Your assignment: Restate word for word the entries below, starting at the line with "Public awareness about" and ending at the line with "Uma entrega de provas". Keep both end lines and omit the pictures.

Available data:
▬▬▬

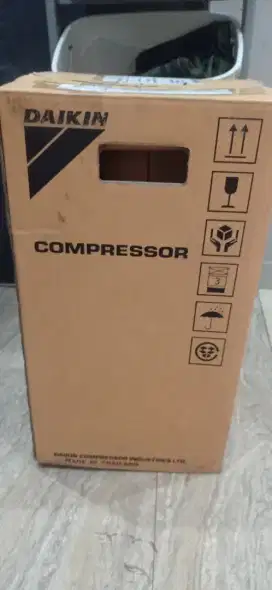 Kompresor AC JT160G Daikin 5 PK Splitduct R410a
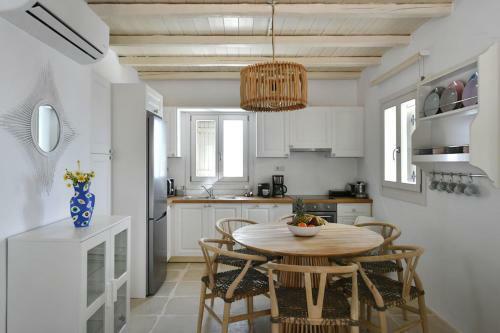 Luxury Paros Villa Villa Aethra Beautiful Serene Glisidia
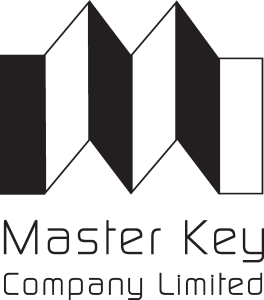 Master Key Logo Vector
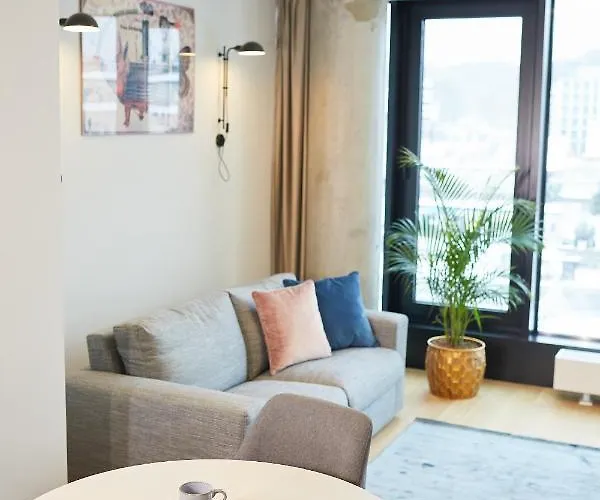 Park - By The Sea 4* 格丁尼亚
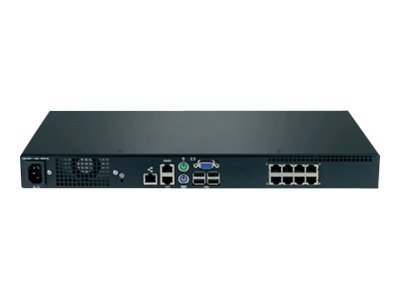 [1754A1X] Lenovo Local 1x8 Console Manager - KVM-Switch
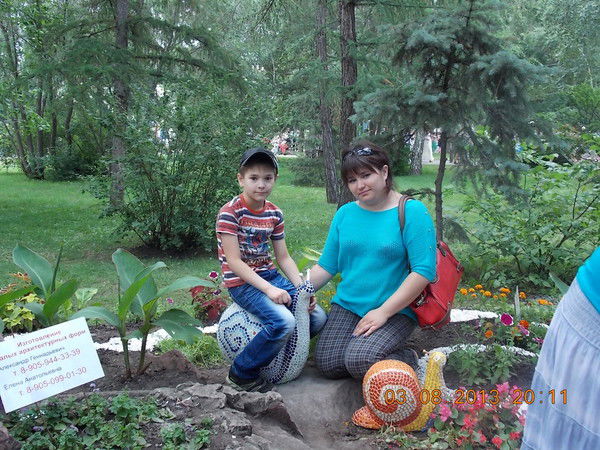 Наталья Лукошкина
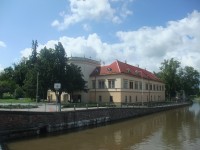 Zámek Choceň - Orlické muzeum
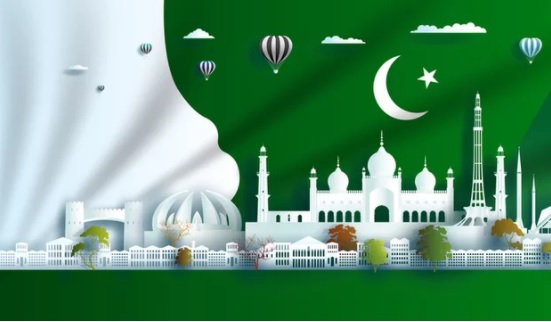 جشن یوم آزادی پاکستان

▬▬▬

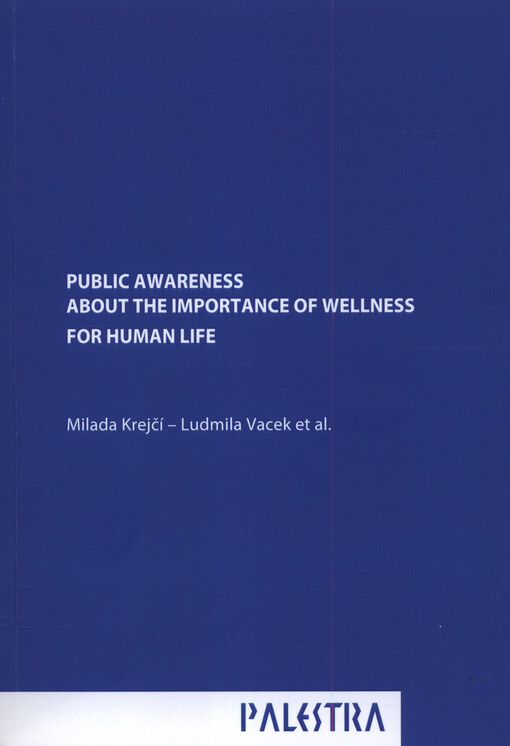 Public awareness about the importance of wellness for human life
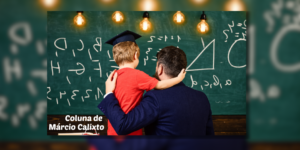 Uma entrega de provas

▬▬▬

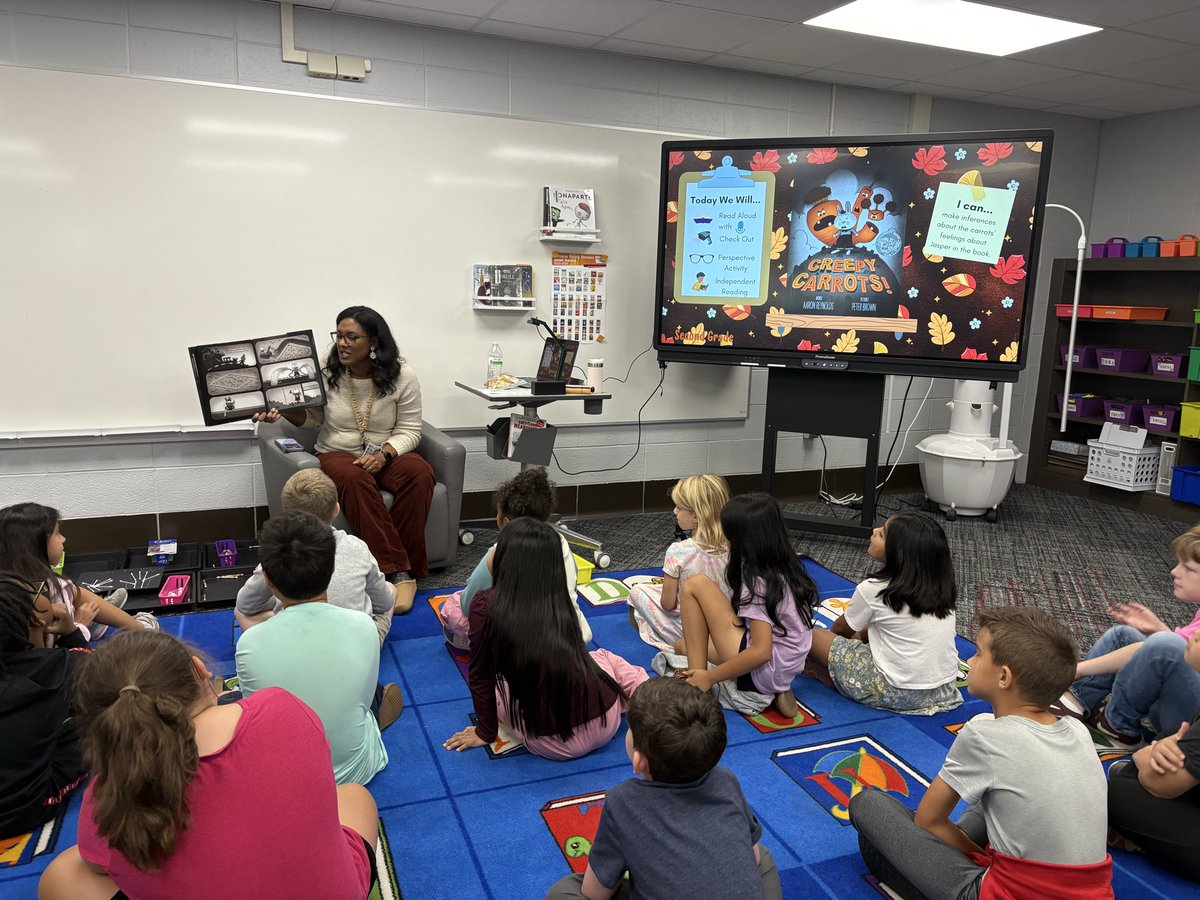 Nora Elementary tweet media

▬▬▬

Exercise response:
 Public awareness about the importance of wellness for human life
 Uma entrega de provas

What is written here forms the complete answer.